Stone walls, four-square,
steep-sloping roof,
a bell that marks
the passing days,
that draws us from
our separate ways
and tolls the times
for praise and prayer.

Here Anglian slabe
and Norman lord
forgot their enmity
and fear,
in common faith
fashioning here
arch and altar,
chancel, nave;

and where they trod
the hallowed way
and kept the camdles
burning bright,
through that same arch,
by that same light
we, too re-search
the runes of God.

© Mabel Ferrett (7. 6. 1993)

It is believed that the original Hartshead Church was built sometime before 1120 AD. There was a major repair of the church around 1662 when the marvellous Norman pillars were taken down and lighter, wooden pillars erected in their place. One portion though was hollowed out and used as a font and the date 1662 inscribed thereon. That building lasted over 200 years. Sir Stephen Glynne in 1859 wrote
A small church, much modernised... It has a nave, chancel, west tower and south porch. The original arcades that divided the aisles have been replaced by modern wooden columns and almost all the windows have been mutilated and open with sashes.
In 1880 the church was reduced almost to its foundations. The gallery and low, flagged ceiling was pulled out to reveal the beauty of the Norman chancel and tower arch. The wooden pillars were replaced with stone. The "cottage windows" were replaced with suitable designed windows. Some of the window glass incorporated is believed to have come from Cologne Cathedral.

More recent renovations have seen a new organ installed in 1899, the church clock in 1912, electric light in 1927 and in 1966 the gravestones to the left of the path leading to the south door of the church were removed and a pleasant green lawn laid in their place.

Inside the churchyard to the right of the main gate is where mortally wounded Luddites are believed to have been buried, secretly, at night, following their fatal encounter at Rawfolds Mill, Liversedge, on April 11th 1812.

The above information is extracted from Mabel Ferrett's booklet "A Short History of Hartshead Church"

Mabel herself was buried at Hartshead Church on Monday 7th February 2011.

Read my account of her life on Ackworth born, gone West and an obituary by Pauline Kirk in The Guardian.

Other obits can be found in The Huddersfield Examiner and The Yorkshire Post. She is mentioned also in the Brontë blog.

For more H posts visit ABC Wednesday.


  1. Great choice for letter H. NLove that big clock.

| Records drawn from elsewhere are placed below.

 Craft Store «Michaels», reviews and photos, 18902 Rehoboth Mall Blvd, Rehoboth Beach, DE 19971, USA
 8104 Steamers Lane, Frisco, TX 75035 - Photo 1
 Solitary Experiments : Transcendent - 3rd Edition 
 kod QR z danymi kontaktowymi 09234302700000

    Have a peek on my letter H, see you.

  2. A lovely Norman church and with an interesting history.

  3. Fascinating - with all the 'modern' renovations.

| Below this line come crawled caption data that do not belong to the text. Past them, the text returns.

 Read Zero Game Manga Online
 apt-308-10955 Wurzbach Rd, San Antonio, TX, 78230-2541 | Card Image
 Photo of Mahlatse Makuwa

  4. I'm a sucker for old churches, especially w the narrative provided!

    ROG, ABC Wednesday team

  5. Love your post very informative. Thanks for sharing.
    ABC Wednesday-H

  6. Wonderful post! Love the narrative and the fascinating photos!

  7. The number and grandeur of the churches all over the UK, even in the smallest villages, continue to amaze me. Impressive.

  8. Beautiful church, loved all the details about it!

    Kisses from Nydia.

  9. Thanks for your thoughtful comments on my blog, Gerald.

    Mabel sounds like a fascinating woman. I'll have to come back to view your photography when my internet connectivity is behaving itself - I seem to have gone down to primitive dial-up speed and the images aren't loading.